Records for this exercise:

**********

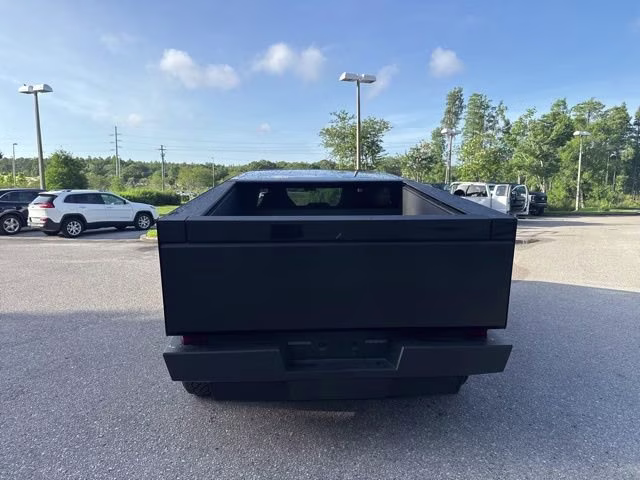 2024 Stainless Steel Tesla Cybertruck Cyberbeast Crew Cab Pickup AWD Truck
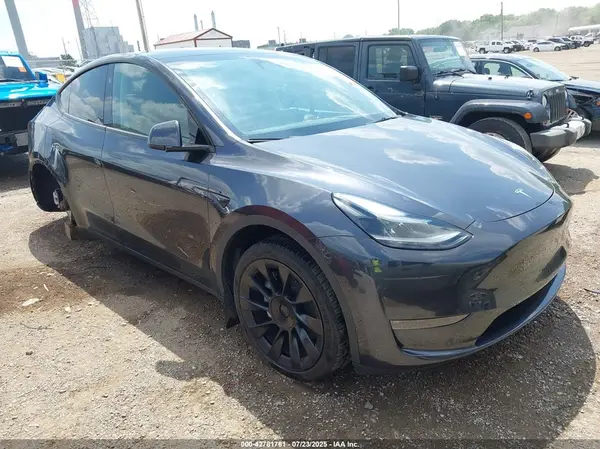 7SAYGDEE2RA273241 2024 TESLA MODEL Y - Image 1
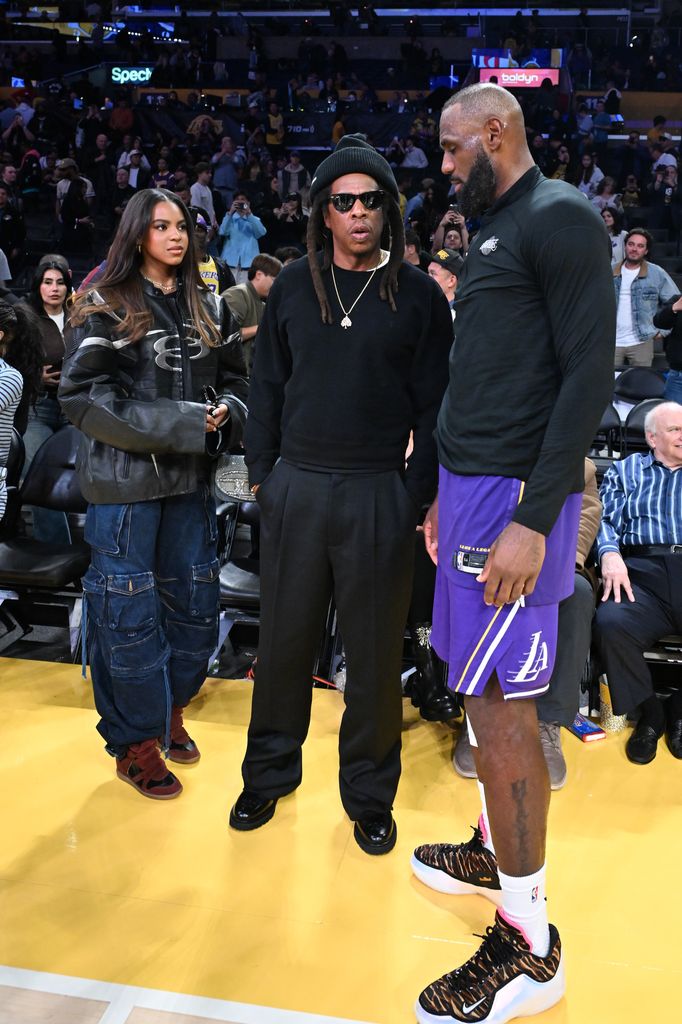 Jay-Z y su hija Blue Ivy Carter en el partido de baloncesto de Los Angeles Lakers y los San Antonio Spurs en el Crypto.com Arena de Los Ángeles, California, el 10 de diciembre de 2025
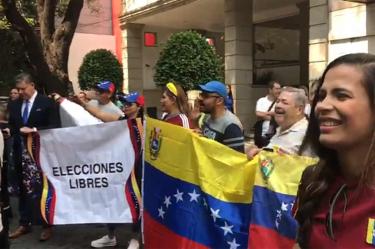 Un grupo de venezolanos llegaron a las puertas de la embajada de Venezuela en la Ciudad de México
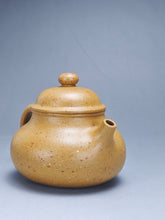 Load image into Gallery viewer, Fully Handmade JinKui Huangjin Duanni Rongtian Yixing Teapot 全手工蔡赫伟金葵黄段泥容天 160ml
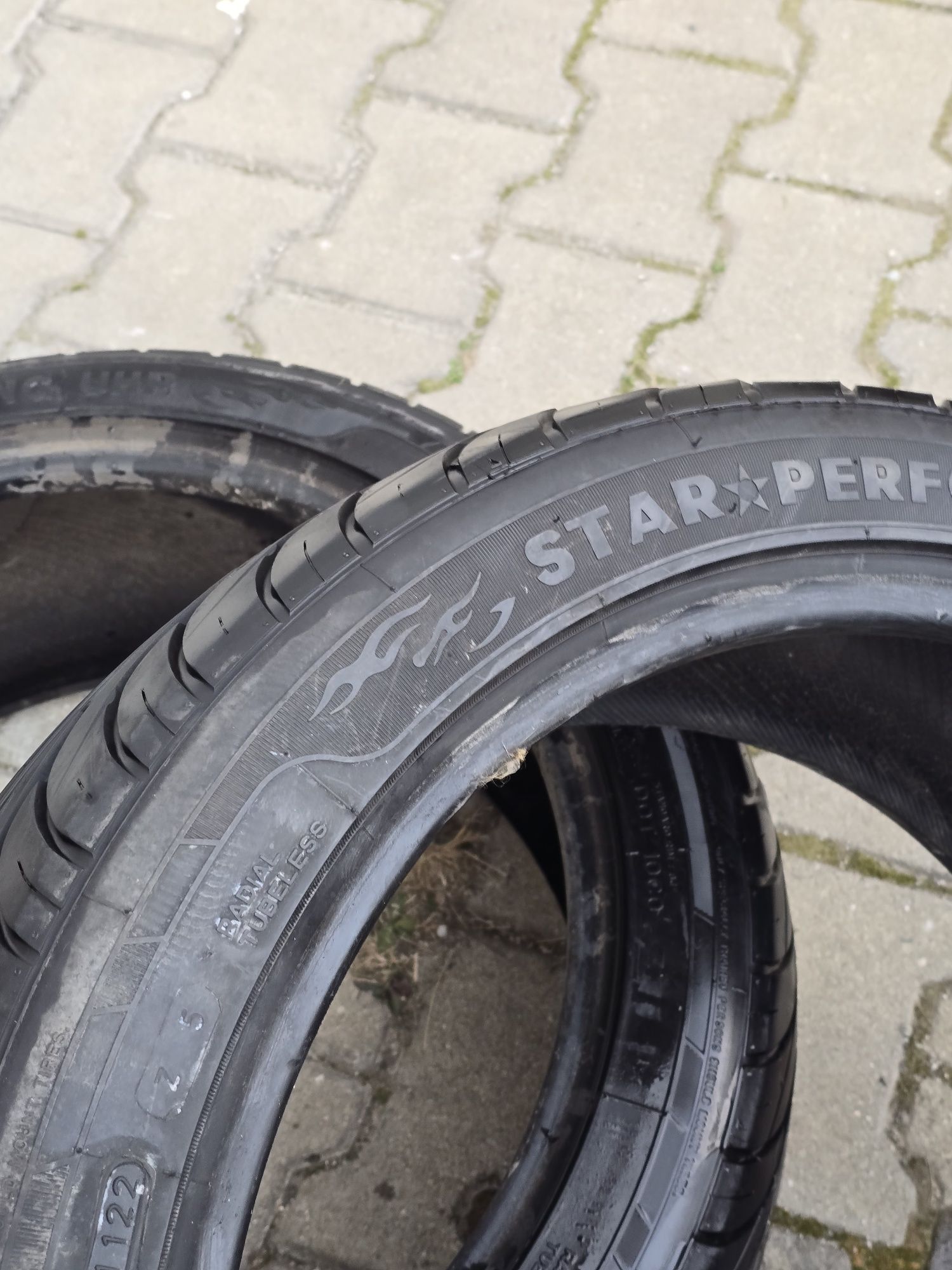 235 45 19 starperformer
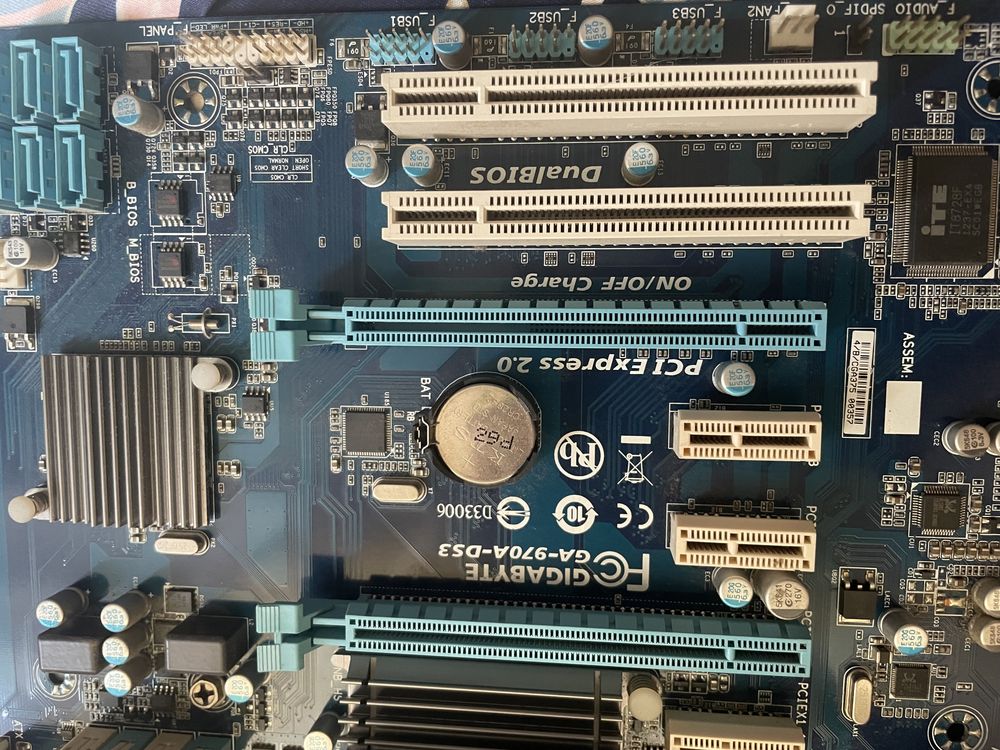 Gigabyte GA-970A-DS3 Rev. 3.0 AMD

**********

Task brief: Give again, exactly as written, the lines from the one with "235 45 19 starperformer" through the last line of the entries above, but skip the pictures.

Answer to this exercise:
 235 45 19 starperformer
 Gigabyte GA-970A-DS3 Rev. 3.0 AMD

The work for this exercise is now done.